Terkadang pengalaman di masa lalu adalah sesuatu yang paling menghantui. Dia sudah berusaha untuk tetap berdiri hingga detik ini untuk tetap terlihat biasa saja, dengan senyum yang tetap terpeta, dengan tawa yang tetap terdengar nyaring, dan jenaka yang selalu dia lakukan, sambil berjalannya waktu pun belajar untuk kembali membuka hati, setelah sekian lama dia biarkan tertutup rapat karena rasa takut dan trauma yang pernah menyelimutinya. Rasa ketidakpercayaan yang menguasainya pelan-pelan tersurut walaupun tidak benar-benar habis.
Dia tidak ingin menjadi manusia yang mati rasa. Tidak ingin tidak merasakan kebahagiaan yang sering diceritakan oleh teman-temannya. Sampai pada akhirnya, dia menguatkan hatinya untuk membukanya kembali, walaupun tidak selebar dulu, paling tidak cukup untuk secercah cahaya masuk yang menerangi sudut-sudut hatinya yang mulai lembab dan dingin.

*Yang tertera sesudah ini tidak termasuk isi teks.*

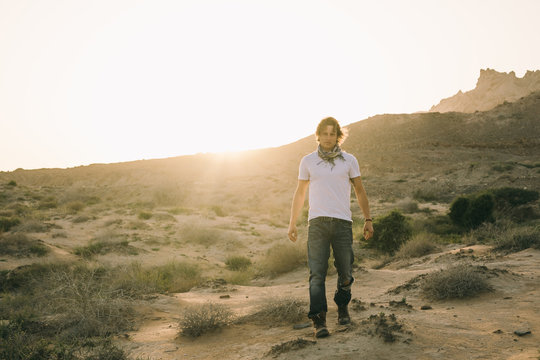 young man in used cowboy look walking through the desert at sunset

Dia bertemu dengan beberapa orang. Orang-orang yang mampu mengembalikan lagi harapan yang selama ini dia anggap tidak akan ada lagi untuk dirinya setelah terakhir kalinya dia terjembab karena seseorang yang menghancurkan hidupnya atas nama cinta. Dia tidak lagi mengharapkan harapan apapun untuk hidupnya. Tapi pertemuannya dengan orang itu, merubah sesuatu dalam dirinya, walaupun belum sepenuhnya. Dia kembali percaya, dia kembali terbuka, dia kembali yakin bahwa harapan untuk hidupnya masih ada sinar.
Tapi, ya, masih ada tapi...
Sinar itu hanya bertahan sebentar saja, ya, hanya sebentar.
Tawanya kembali hilang, senyum kembali meredup seperti lilin yang mulai habis daya.
Dia kembali masuk ke dalam kotak gelap, usang dan lembab itu.
Ketidakpercayaan kembali menguasainya.
Dia tidak ingin lagi keluar dari sana, karena yang dia tahu, di luar sana hanya ada kebohongan, kepalsuan, dan harapan yang selalu berakhir sia-sia dan menelantarkan dirinya.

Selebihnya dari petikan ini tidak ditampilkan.